Discretionary powers of the President

The President of India almost always acts on the aid and advice of the Council of Ministers except under the following circumstances where he acts on his discretion:

  • In appointing the Prime Minister from among the contenders when no single party attains majority after elections to the Lok Sabha.

  • A Council of Ministers is voted out and after resigning advises the President to dissolve, the Lok Sabha and hold fresh elections (or resigns and advises so without being voted out). The President is expected to exercise his discretion in such circumstances as much of the Lok Sabha's life may still be intact and it is worthwhile to explore the possibility of forming an alternative Government.

  • While exercising a pocket veto.

  • Disqualifying members of the legislature when the Council's advice is not taken.
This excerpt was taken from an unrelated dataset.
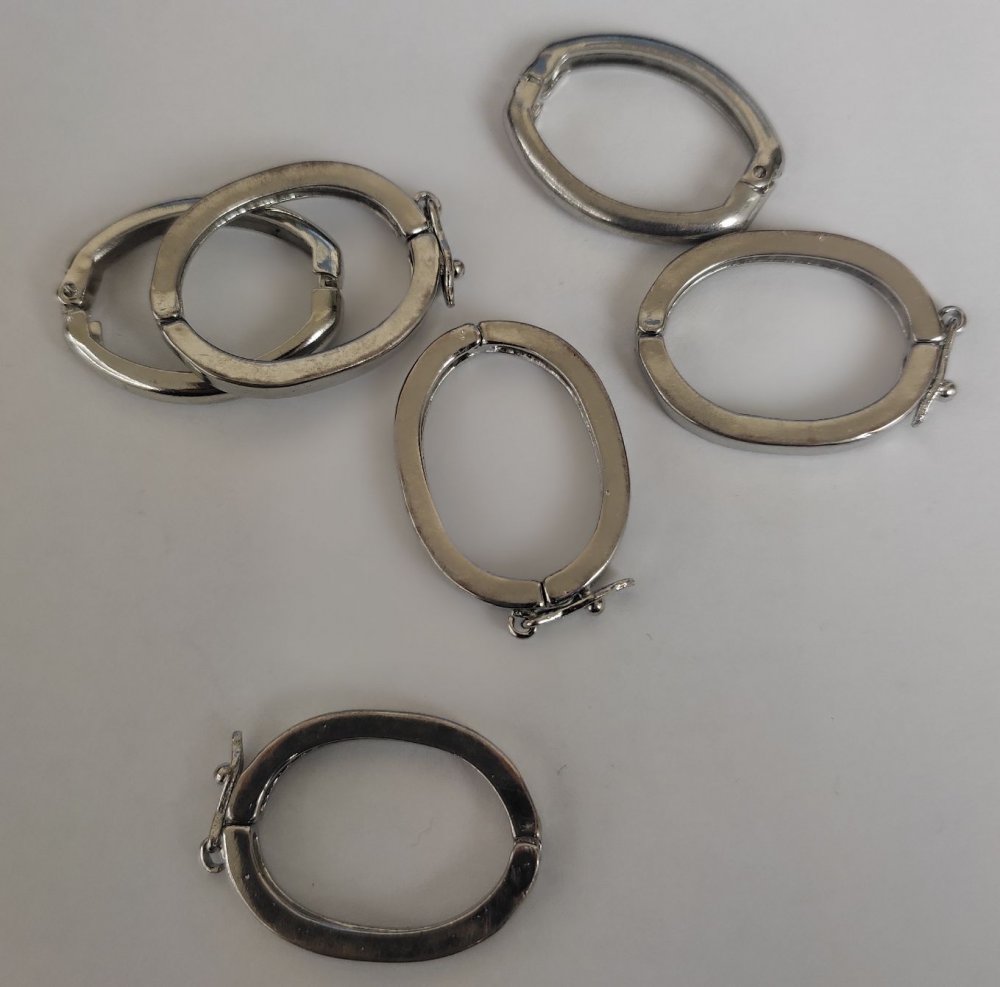 Furnitură pentru pandantiv cu închidere pe clips, culoare argintie, 29x21 mm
  • Can return the advice of the Council of Ministers once for its reconsideration.

  • Can return the Bill passed by the Parliament once for its reconsideration.

Bills that require prior recommendation of the President

There are certain Bills which can be introduced in the Parliament only on the recommendation of the President such as-

  • A Bill to alter the boundaries of the States or to change the names of the States (Article 3),

  • A Money Bill as detailed in Article 11.0.

  • A Financial Bill (category one) involving Article 110 but containing other provisions as well.

  • A Financial Bill (category two) which is an Ordinary Bill but seeking to draw from the Consolidated Fund of India can be taken up for ‘consideration’ that is ‘reading two’ in the process of passage of a Bill.

  • Legislation involving Article 31 A.

  • Any legislation involving items of taxation in which the States are interested or one that seeks to redefine agricultural income etc.